From the Grandview Beach bluff collapse that claimed the lives of three local residents on August 2 to the drowning of a surfer near Moonlight Beach nine days later to the loss of a well-known, long-time local business owner and resident on September 24 and through the midnight fire that claimed four local business–death and destruction have interrupted what’s left of the idyllic Southern California small beach town life which motivated many to stay here and many more to move to this place.
Leucadia’s decades-long reputation as a tightly knit community of surfers and artists has been diminished by these recent losses. As the picturesque eucalyptus canopy over Coast Highway disappears and as LA trust fund children and grand children pack the local watering holes and city streets with two different kinds of traffic, the new doesn’t necessarily arrive as a pair with the word “improved.”
In addition to the three lost lives at Grandview and the drowning near Moonlight, the sudden death of Morgan Mallory handed Leucadia another loss. Owner of the Corner Frame Shop and Gallery, advocate for the arts, and a positive presence as a member of a number of City committees, Mallory was one of those people whose attitudes, interests, and behaviors spelled Leucadia all day.

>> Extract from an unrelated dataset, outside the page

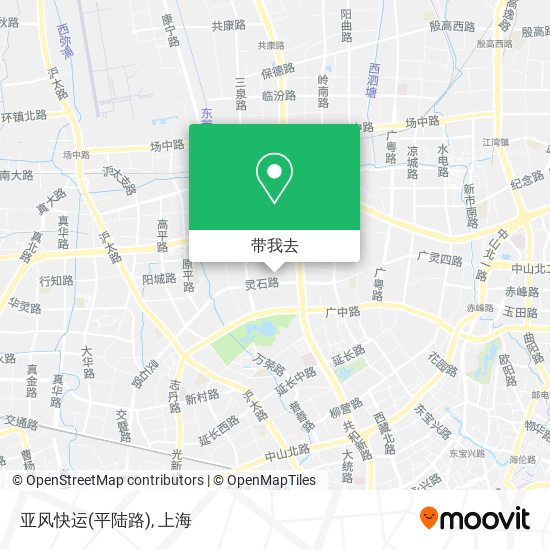 亚风快运(平陆路)地图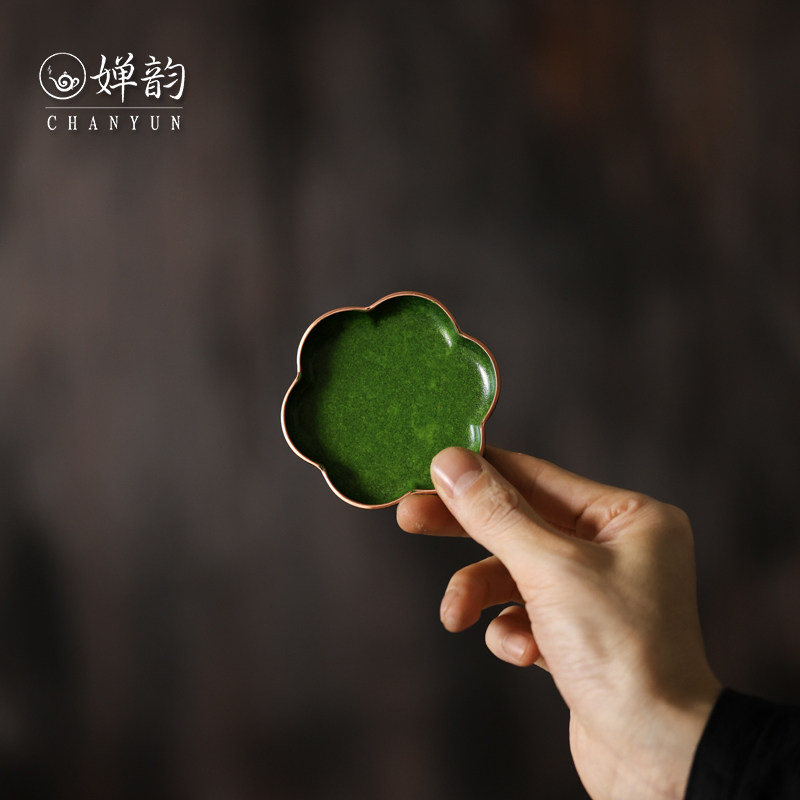 婵韵 紫铜孔雀绿花朵花瓣杯垫茶垫茶杯垫隔热垫复古家用茶具配件,餐饮具,茶道/零配,淘宝优惠券,粉丝福利购,淘宝优惠卷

Less than a week after we lost Mallory, Leucadia lost four small businesses to fire. One was another iconic art gallery and t-shirt shop, one was a local photographer’s gallery, one was a fledgling pie shop, and the other was a longtime vegetarian cafe. Shatto’s, Cali Life, Peace Pies, and Mozys are now chapters of Leucadia’s past. And based upon the probable costs for those business owners to rebuild, if a current local trend continues, it’s more likely that these establishments will be replaced by more soulless glass and metal buildings that will look more like the Orange County that Camp Pendleton has generally served as a buffer maintaining a bit of ground to separate conspicuous consumption from what virtually nobody here wants to resemble Newport Beach.
Realistically, hanging on to the past and hoping for a community to stay as we’d like it to stay might be possible, but it’s not likely. As an idyllic Southern California locale characterized by a culture of art, a love of the sand and surf, and a generally peaceful small town vibe, Leucadia took some big hits during these past several weeks. And contrary to what some may assume, these recent hits were blows to the gut, not activities usually associated with a thriving green vegetable which some of us never thought we would see legalized.